In-depth security scans
By performing opportunistic scanning, the tool can run with almost no dependencies. The more it finds, the deeper the audit will be. In other words, Lynis will always perform scans which are customized to your system. No audit will be the same!
Since Lynis is flexible, it is used for several different purposes. Typical use cases for Lynis include:
- Security auditing
- Compliance testing (e.g. PCI, HIPAA, SOx)
- Vulnerability detection and scanning
- System hardening
Resources used for testing
Many other tools use the same data files for performing tests. Since Lynis is not limited to a few common Linux distributions, it uses tests from standards and many custom ones not found in any other tool.
- Best practices
- OpenSCAP data
- Vendor guides and recommendations (e.g. Debian Gentoo, Red Hat)
--auditor "Given name Surname" Assign an auditor name to the audit (report)
--checkall -c Start the check
--check-update Check if Lynis is up-to-date
--cronjob Run Lynis as cronjob (includes -c -Q)
--help -h Shows valid parameters
--manpage View man page
--nocolors Do not use any colors
--pentest Perform a penetration test scan (non-privileged)
--quick -Q Don't wait for user input, except on errors
--quiet Only show warnings (includes --quick, but doesn't wait)
--reverse-colors Use a different color scheme for lighter backgrounds
--version -V Check program version (and quit)
= Lynis 2.1.1 (2015-07-22) =
This release adds a lot of improvements, with focus on performance, and
additional support for common Linux distributions and external utilities.
We recommend to use this latest version.
* Operating system enhancements
Support for systems like CentOS, openSUSE, Slackware is improved.
Performance tuning has been applied, to speed up execution of the audit on
systems with many files.
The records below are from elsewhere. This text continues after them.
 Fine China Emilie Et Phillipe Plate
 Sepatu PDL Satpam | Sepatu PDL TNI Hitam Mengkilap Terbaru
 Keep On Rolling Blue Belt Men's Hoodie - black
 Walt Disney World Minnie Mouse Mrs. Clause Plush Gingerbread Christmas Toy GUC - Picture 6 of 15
This also includes code cleanups.
* Automatic updates
Initial work on an automatic updater has been implemented. This way Lynis
can be scheduled for automatic updating from a trusted source.
* Internal functions
Not all systems have readlink, or the -f option of readlink. The
ShowSymlinkPath function has been extended with a Python based check, which
is often available.
* Software support
Apache module directory /usr/lib64/apache has been added, which is used on
Support for Chef has been added.
Added tests for CSF's lfd utility for integrity monitoring on directories and
files. Related tests are FINT-4334 and FINT-4336.
Added support for Chrony time daemon and timesync daemon. Additionally NTP
sychronization status is checked when it is enabled.
Improved single user mode protection on the rescue.service file.
Check for user permissions has been extended.
Python binary is now detected, to help with symlink detection.
Several new legal terms have been added, which are used for usage in banners.
In several files old tests have been removed, to further clean up the code.
* Bug fixes
Nginx test showed error when access_log had multiple parameters.
Tests using locate won't be performed if not present.
Fix false positive match on Squid unsafe ports [SQD-3624].
The hardening index is now also inserted into the report if it is not displayed
Added AddSystemGroup function
* New tests
Several new tests have been added:
[PKGS-7366] Scan for debsecan utility on Debian systems
[PKGS-7410] Determine amount of installed kernel packages
[TIME-3106] Check synchronization status of NTP on systemd based systems
[CONT-8102] Docker daemon status and gather basic details
[CONT-8104] Check docker info for any Docker warnings
[CONT-8106] Check total, running and unused Docker containers
[PLGN-2602] Disabled by default, as it may be too slow for some machines
[PLGN-3002] Extended with /sbin/nologin
A new document has been created to help with the process of upgrading Lynis.